Task prompt: Please repeat the lines below exactly. Begin with the line containing "2 bedroom flat to rent, London, London, N13" and go on through the line containing "Building Photo - 7200 W T C Jester Blvd".

Provided data:
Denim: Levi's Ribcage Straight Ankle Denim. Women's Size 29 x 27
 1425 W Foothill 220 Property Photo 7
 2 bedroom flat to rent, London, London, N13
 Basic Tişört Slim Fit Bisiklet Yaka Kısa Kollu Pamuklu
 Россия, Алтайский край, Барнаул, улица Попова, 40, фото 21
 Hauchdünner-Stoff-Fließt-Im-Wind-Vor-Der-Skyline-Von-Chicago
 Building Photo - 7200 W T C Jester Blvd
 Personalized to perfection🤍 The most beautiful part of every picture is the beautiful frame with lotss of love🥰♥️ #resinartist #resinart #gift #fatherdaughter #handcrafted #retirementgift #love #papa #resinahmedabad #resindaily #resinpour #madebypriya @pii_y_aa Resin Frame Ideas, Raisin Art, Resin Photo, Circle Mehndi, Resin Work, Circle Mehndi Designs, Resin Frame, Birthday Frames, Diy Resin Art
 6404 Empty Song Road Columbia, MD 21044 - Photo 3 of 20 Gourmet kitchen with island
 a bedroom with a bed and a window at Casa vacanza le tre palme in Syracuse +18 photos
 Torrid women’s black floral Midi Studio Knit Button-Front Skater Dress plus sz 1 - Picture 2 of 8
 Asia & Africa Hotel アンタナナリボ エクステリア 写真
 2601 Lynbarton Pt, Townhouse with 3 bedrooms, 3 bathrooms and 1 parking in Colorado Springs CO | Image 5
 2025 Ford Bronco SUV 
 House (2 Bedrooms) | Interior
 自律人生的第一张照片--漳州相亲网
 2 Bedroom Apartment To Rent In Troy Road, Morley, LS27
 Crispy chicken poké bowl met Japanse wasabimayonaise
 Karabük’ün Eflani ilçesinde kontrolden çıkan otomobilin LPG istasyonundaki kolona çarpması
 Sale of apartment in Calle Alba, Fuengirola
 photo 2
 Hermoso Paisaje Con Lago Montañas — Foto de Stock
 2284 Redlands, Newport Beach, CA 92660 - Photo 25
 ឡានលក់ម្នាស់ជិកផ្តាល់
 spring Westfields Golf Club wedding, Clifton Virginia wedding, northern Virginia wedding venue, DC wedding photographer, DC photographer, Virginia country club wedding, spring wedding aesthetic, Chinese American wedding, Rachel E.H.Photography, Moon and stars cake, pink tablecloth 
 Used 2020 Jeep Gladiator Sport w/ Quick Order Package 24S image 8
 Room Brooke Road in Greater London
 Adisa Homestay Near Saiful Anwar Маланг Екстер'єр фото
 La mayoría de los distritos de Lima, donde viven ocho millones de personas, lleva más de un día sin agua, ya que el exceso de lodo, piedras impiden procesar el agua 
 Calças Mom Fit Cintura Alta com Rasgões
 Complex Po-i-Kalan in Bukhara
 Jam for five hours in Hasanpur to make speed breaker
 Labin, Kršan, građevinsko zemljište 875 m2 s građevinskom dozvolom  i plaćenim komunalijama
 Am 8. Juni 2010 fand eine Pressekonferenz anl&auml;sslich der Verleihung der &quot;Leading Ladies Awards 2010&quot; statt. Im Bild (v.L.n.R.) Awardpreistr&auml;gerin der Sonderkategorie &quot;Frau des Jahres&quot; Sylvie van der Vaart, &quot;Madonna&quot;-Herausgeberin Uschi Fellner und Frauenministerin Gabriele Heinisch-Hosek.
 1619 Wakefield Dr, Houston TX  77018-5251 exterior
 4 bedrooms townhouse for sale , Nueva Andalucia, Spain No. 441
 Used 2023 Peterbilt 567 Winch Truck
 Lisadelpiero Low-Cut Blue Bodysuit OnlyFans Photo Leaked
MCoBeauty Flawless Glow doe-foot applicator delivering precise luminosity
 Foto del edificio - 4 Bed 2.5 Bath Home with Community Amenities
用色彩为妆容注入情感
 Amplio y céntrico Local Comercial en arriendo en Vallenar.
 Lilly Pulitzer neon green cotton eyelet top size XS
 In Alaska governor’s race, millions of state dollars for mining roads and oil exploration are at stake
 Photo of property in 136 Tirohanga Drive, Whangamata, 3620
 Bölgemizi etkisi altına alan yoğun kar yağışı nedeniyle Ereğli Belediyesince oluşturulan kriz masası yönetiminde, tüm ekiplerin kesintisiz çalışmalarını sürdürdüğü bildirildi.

Written answer:
 2 bedroom flat to rent, London, London, N13
 Basic Tişört Slim Fit Bisiklet Yaka Kısa Kollu Pamuklu
 Россия, Алтайский край, Барнаул, улица Попова, 40, фото 21
 Hauchdünner-Stoff-Fließt-Im-Wind-Vor-Der-Skyline-Von-Chicago
 Building Photo - 7200 W T C Jester Blvd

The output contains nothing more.